# Understanding the foundations of Calculus?

What branch of mathematics should someone study to really understand why calculus works ? I know basic calculus but for me it seems really more like apply the tools to compute stuff. I would like to know why it is true.

Any help ?

• Basic real analysis – user258700 Jul 23 '16 at 17:03
• Some topology and linear algebra wouldn't hurt either. – got it--thanks Jul 23 '16 at 17:04
• Yeah as mentioned, analysis is exactly what you're looking for. It starts calculus from the beginning again, but proceeds by explaining and proving everything – Ovi Jul 23 '16 at 17:05
• There is even a book with almost that title: Elementary Analysis - The Theory of Calculus by Kenneth A. Ross. – lhf Jul 23 '16 at 17:13

As commented, the actual answer is real analysis.
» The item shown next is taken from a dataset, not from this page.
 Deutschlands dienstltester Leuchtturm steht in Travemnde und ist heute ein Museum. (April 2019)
Now, you say you want to know why calculus works. There are proofs in most calculus books, you know. Those proofs do explain why things work.

Finally, Spivak Calculus is an excellent calculus book, with much more emphasis on proofs than usual.
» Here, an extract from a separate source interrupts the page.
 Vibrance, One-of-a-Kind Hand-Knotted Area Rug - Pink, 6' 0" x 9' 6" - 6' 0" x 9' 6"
• Apostol's Calculus is also excellent. – lhf Jul 23 '16 at 17:15
• Yeah there are proofs but in my case we didn't spend too much time on them in my class. We just learned how to use the tools more. – copper Jul 23 '16 at 17:52
• @copper I know you didn't spend much time on them in class, nobody ever does. But you asked for a reference. Whatever reference you use you're going to have to read it, outside of class. Nothing's stopping you from simply reading those proofs you skipped in class. – David C. Ullrich Jul 23 '16 at 18:05
• You're right but math aren't my only classes so .... I was more worried about having my other works done and didn't want to drag. – copper Jul 24 '16 at 18:17
• For what it's worth, going through the proofs in YOUR calculus text is going to take much, much less time than trying to plow through Spivak or Apostol, to say nothing of a typical real analysis text. Even if you do decide to plow through one of these other texts, it would be worth while to read along the proofs in your calculus text at the appropriate places (because the treatment is almost certainly more elementary in your text and because you are already familiar with the notation and other aspects of your text). – Dave L. Renfro Jul 25 '16 at 14:59

Its great that you are interested in foundations of calculus (normally even book authors and teachers are not so interested in teaching foundations of calculus to students who are learning calculus for the first time at an age of 16 years or so).
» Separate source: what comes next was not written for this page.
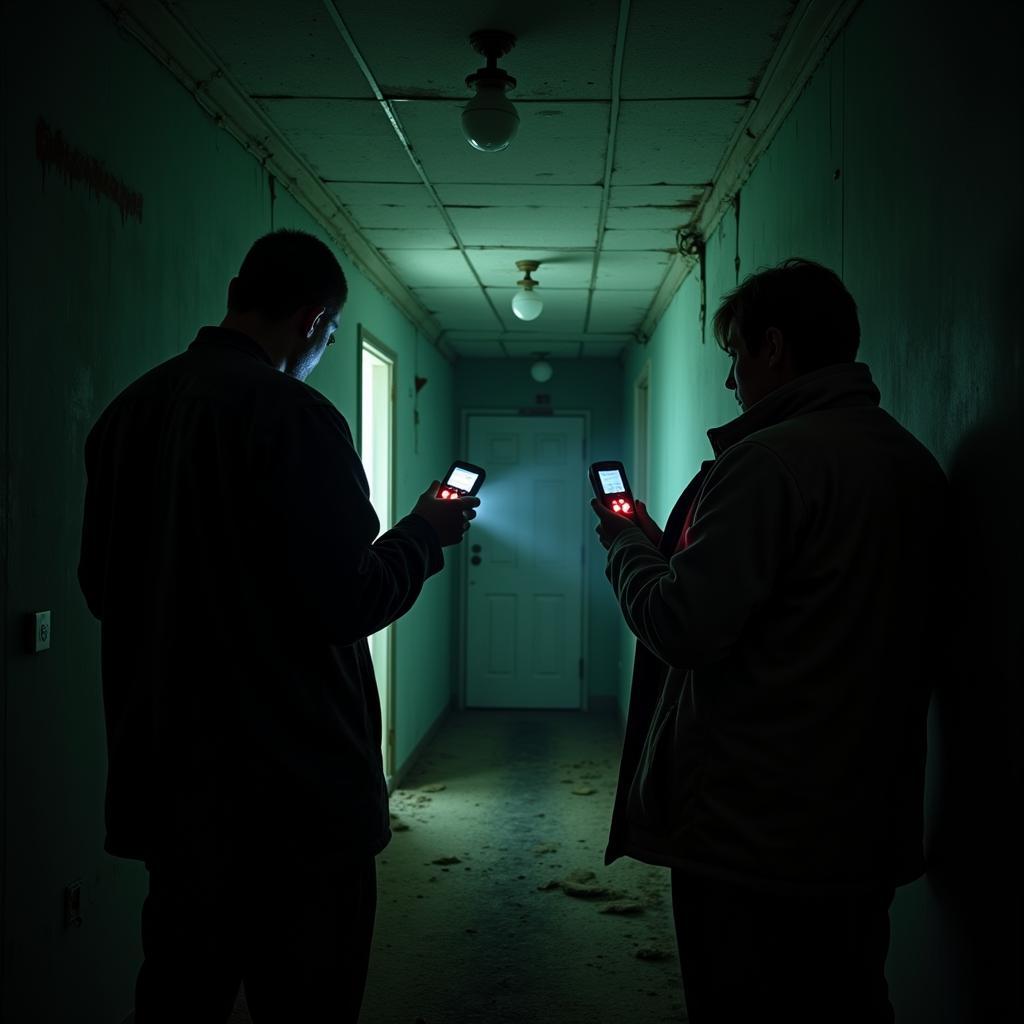 Paranormal Investigators Conducting Field Research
The teaching of calculus follows almost the same pattern in most countries:

1. First one is taught calculus as a weird complicated tool which has many many interesting applications within and outside of mathematics. The focus here is on learning techniques and tactics of calculus to apply it for various practical problems. Proofs are almost never provided by using the banal excuse that "proof of this theorem is beyond the scope of the book/syllabus" and some book authors commit intellectual fraud by giving incorrect/non-rigorous/intuitive proofs and students think that those proofs are real.
2. Next the student is taught the same concepts of calculus (plus a few more abstract ones) and this time the focus is on proofs and foundations and applications within mathematics. And then it is no longer called calculus but rather real-analysis.

In most cases a student does not have the opportunity to study both the above courses and his/her charm of calculus is limited only to the practical applications of calculus. Missing "the beauty of the simple and elegant theory of real numbers and the edifice of calculus built on top of it" is something very very unfortunate for many students.

Luckily I was fortunate enough to get hold of Hardy's A Course of Pure Mathematics when I was going through a first course in calculus. Do read this book not just for the foundations of calculus, but for the sheer joy of reading mathematics.